Ремесленники регресса, как и всякие другие ремесленники, копировали; они не копировали искусство древности, напротив, то, что из него одно за другим извлекали творцы варварских и буддийских форм; копировали то, что заимствовали творцы византийского искусства: встречные, а не сплошные складки, в Азии – опущенные глаза, в Византии – характерные особенности Востока. Но хотя любое ремесленничество связано с прошлым, любое искусство ориентируется на будущее, оно озарено для нас тем, что это будущее сулит; а его история – это история произведений, сулящих успех. Мы вскоре увидим, как эти произведения будут наделять значением мир в процессе его становления и ради него разрушать мир старый. Ибо гений неотделим от своих истоков так же, как пожар неотделим от того, что он сжигает.
IIЕсли в Европе в эпоху Великих нашествий и в Византии античным формам пришлось столкнуться с формами варварскими и христианскими, то на территориях македонских царств в Индии они встретились с Буддой.
В те времена духовность греческая и духовность буддийская отчасти находили общий язык: буддизм – явление, хотя и азиатское, но не сугубо восточное. Мягкому коленопреклонению его женщин, жесту поклонения, когда сложенные тонкие ладони протягивали белые розы Кашмира и Гандхары, была чужда униженность Востока перед лицом августейшего Присутствия. Если в Греции свобода человека стремилась сравниться с силой судьбы, то буддизм, по меньшей мере, не желал ей поддаваться. Он вознамерился избавить человека от деяния, как и от метаморфозы, от его собственной воли, как и от космоса; в мёртвом городе брались за руки два ребёнка-бродяги, а вслед им с тоской смотрели обезьяны, тяжело взлетали павлины… Перевоплощение[144], неведомое древнейшей Индии, растворяло любую жизнь в вечности. Буддийская мысль была более тесно связана с Ведами[145], чем об этом думали в XIX веке; но индийская судьба была столь тяжкой (с какой силой Будда сказал: «Избежать Колеса!»), что от меланхолической проповеди Оленьего леса[146][147], казалось, зацветали бескрайние степи, когда она защитила мир состраданием. В греческих формах Центральная Азия находила формы другого освобождения. Но греческое освобождение было множественным, как сам человек; став после Александра более смутным, оно, однако, делалось всё более и более досягаемым для Азии. Когда Аполлон с фронтона Олимпии достиг Памира, он нередко превращался в солнечное божество. Сланцевые владыки могли бы относиться к барочному греческому искусству, но они принадлежат некоему утратившему гибкость эллинистическому искусству. Буддийское освобождение было узким и медленным, как и его Путь: в искусстве абсолютное всегда принимает форму ведущего к нему чувства. Лицо буддийских статуй – это лицо избавления, а лицо освобожденного человека, если путь избавления един, это лицо его посредника.

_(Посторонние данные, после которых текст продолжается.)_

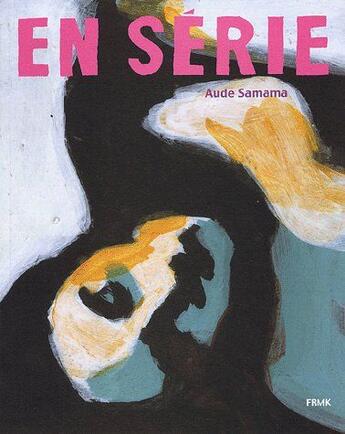 Couverture du livre « En série » de Aude Samama aux éditions Fremok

В брахманизме и в смешении древнейших религий, на которое Индия, по-видимому, мало воздействовала, эллинизм и буддизм имели общих противников.
Проповедуемый под эгидой индийского царя Ашоки[148] буддизм пользовался покровительством греческого царя Менандра[149], а также индоскифского царя Канишки[150]. Но греко-буддийское искусство, с которым мы более всего знакомы, развивалось пятьсот лет спустя после смерти Александра. По-видимому, эллинистические статуи первоначально находили впереди только простонародные изображения; возможно, эти фигуры, за двести лет до того установленные у подножья Памира, когда туда, наконец, проникло Великое Учение, были единственными разработанными формами, которые встречались на его пути.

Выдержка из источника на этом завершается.